I’m sure this would come as no surprise to Swami Vivekananda, but yoga is finding its place among the popular training methodologies for elite athletes in their quest for a competitive edge.
When you consider the mental, emotional and physical benefits of yoga, it’s really no surprise!
Athletic pursuits such as running and jumping, not to mention getting thrown off your feet at a full run by a 350 pound gorilla, tend to tighten and shorten the muscles, inhibiting flexibility and increasing the likelihood of injury. Health and longevity in any sport are enhanced when the muscles are limber and loose and those of us who practice regularly know that there is nothing like that blissful feeling of length that comes from a session of yoga.
NBA star Blake Griffin attests to the benefits, ”For me, flexibility is huge,” Griffin said. “Staying loose and healthy and staying limber–you can tell a difference when your muscles are tight or when you’re stretched out and completely relaxed. I’ve heard from a lot of guys that flexibility is the key to longevity in this league,” Griffin said. “For those guys who want to play a long time, I think it’s important.”

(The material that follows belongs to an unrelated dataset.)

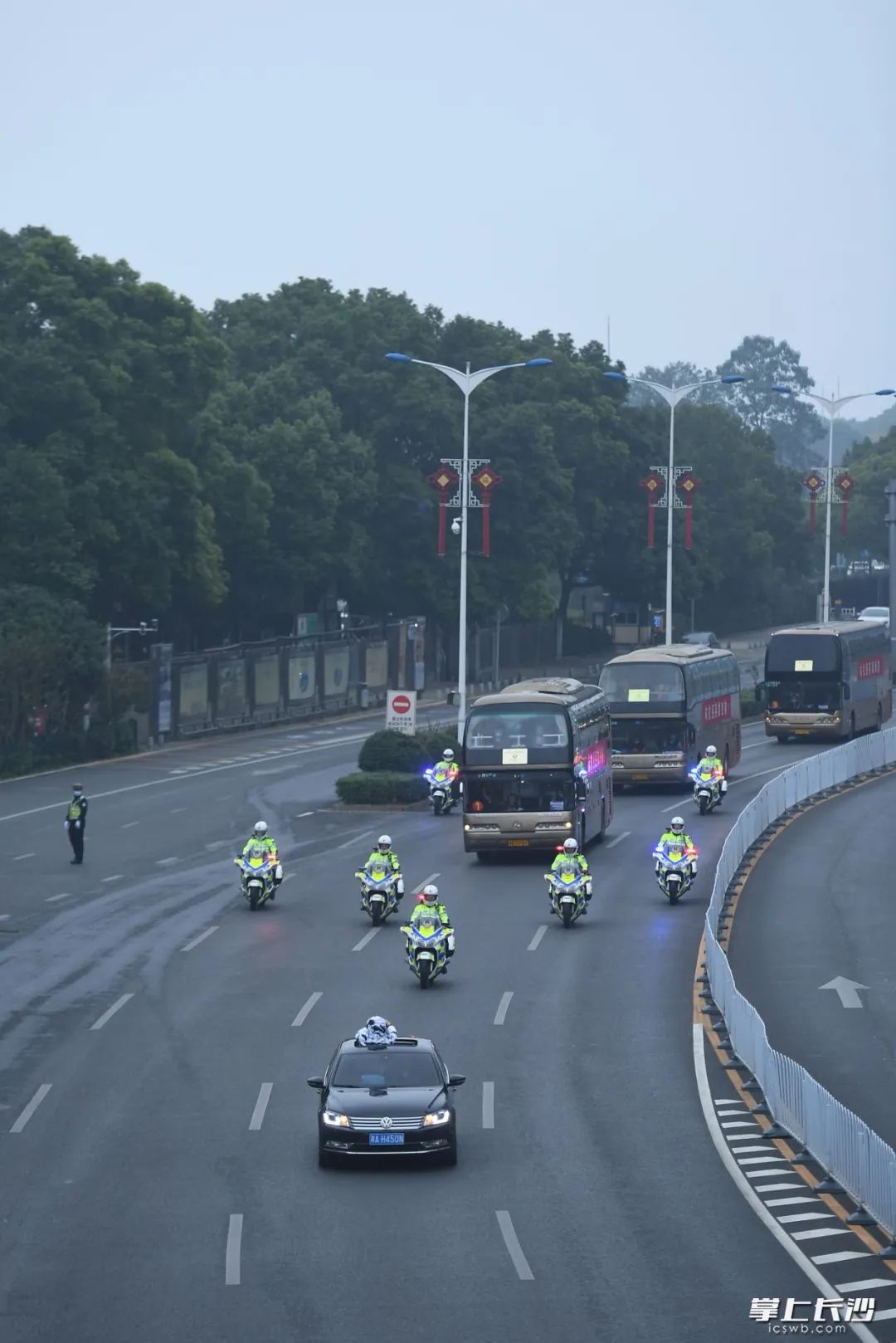 警车开道铁骑护卫今天最高礼遇致敬英雄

Along with the physical and medical benefits are the mental and emotional effects as well. According to a German study published in 2005, 24 women who described themselves as “emotionally distressed” took two 90-minute yoga classes a week for three months. Women in a control group maintained their normal activities and were asked not to begin an exercise or stress-reduction program during the study period. At the end of three months, women in the yoga group reported vast improvements in perceived stress, depression, anxiety, energy, fatigue, and well-being.